In the present study, a Single Nucleotide Polymorphism (SNP) was observed, which was a C/T at 3484 bp in exon 2. In exon 2, Recessive White, Xiaoshan and Baier chickens were in Hardy-Weinberg equilibrium (p>0.05) and Silkies and Tibetan chickens were significant departure from Hardy-Weinberg equilibrium (p<0.01). These results may reveal that artificial selection, such as selecting meat traits (Ji et al., 2003; Liu et al., 2005), had a profound effect on the shaping of genetic diversities and their genetic differentiation in chicken breeds. Muscle IMP content of individuals with TT genotype in exon 2 had significant higher than that of CT and CC genotypes (p<0.05). Although, the mutation in exon 2 locus was synonymous and did not produce altered coding sequences, but this synonymous mutation might affect exon skipping, alter the predicted mRNA folding, decrease in mRNA stability and translation (Chava et al., 2007; Jubao et al., 2003; Chamary et al., 2006). Ji et al. (2005) studied GARS-AIRS-GART gene as candidate gene for muscle IMP content and detected Single Nucleotide Polymorphism (SNP) of C→A at 6545 bp in exon 4 of the gene and muscle IMP content of individuals with AA genotype had significantly higher than that of individuals with CC genotype in Silkies chicken breed (p<0.01), but the IMP content was not significantly different between these two genotypes in Recessive White chicken breed. These results reflected that one nucleotide in ADSL gene altered may change manifestation of corresponding character.

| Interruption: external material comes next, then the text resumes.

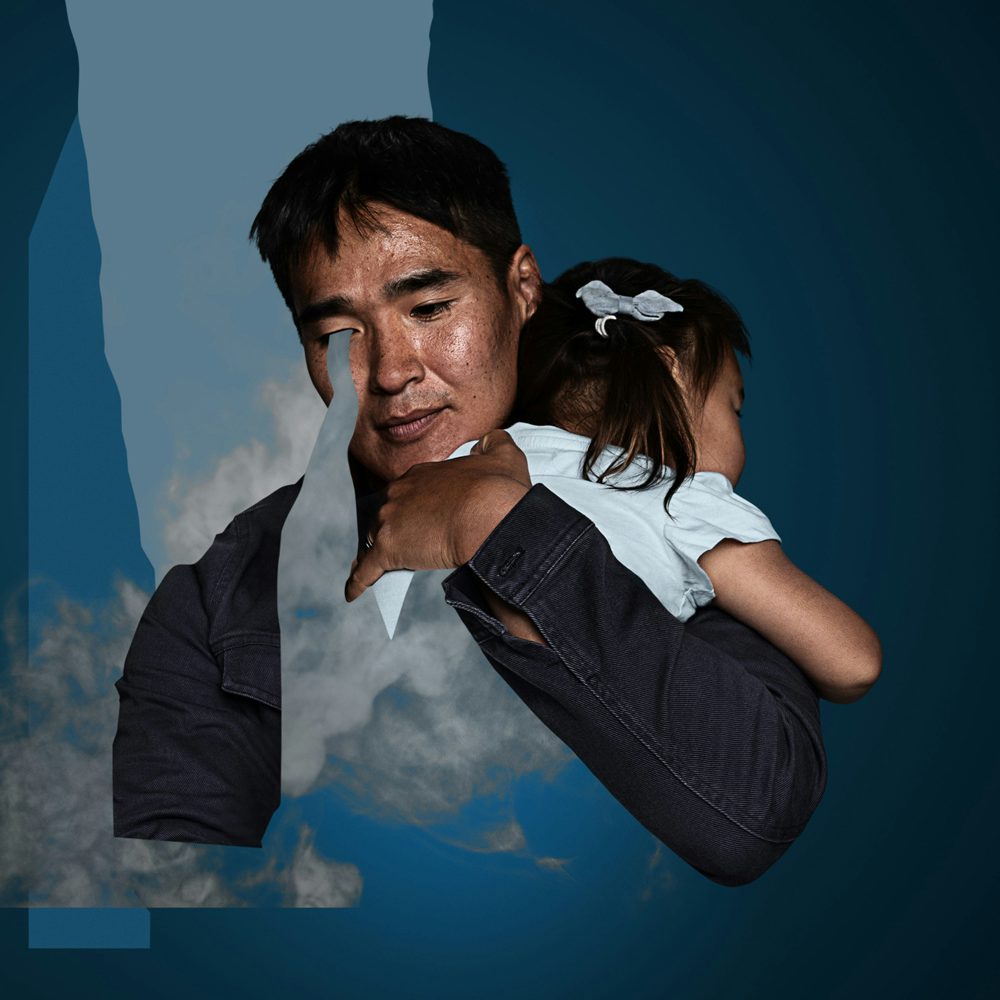 A man carrying his daughter over his shoulders
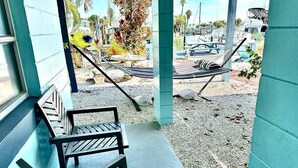A porch with a wooden bench and a hammock.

PCR-SSCP analysis was carried out in exon 2 of ADSL gene in Recessive White chicken, Silkies chicken, Baier chicken, Tibetan chicken and Xiaoshan chicken. A Single Nucleotide Polymorphism (SNP) were screened, which was a C/T at 3484 bp in exon 2. The values of allele frequency varied among five chicken populations in exon 2. Muscle IMP content of individuals with TT genotype in exon 2 of ADSL gene was significantly higher that of CT and CC genotypes (p<0.05). This was useful for marker assisted selection of meat quality traits in chicken.
This research was supported by National High Science and Technology Foundation of China (2006AA10Z1D8, 2006AA10Z1E7).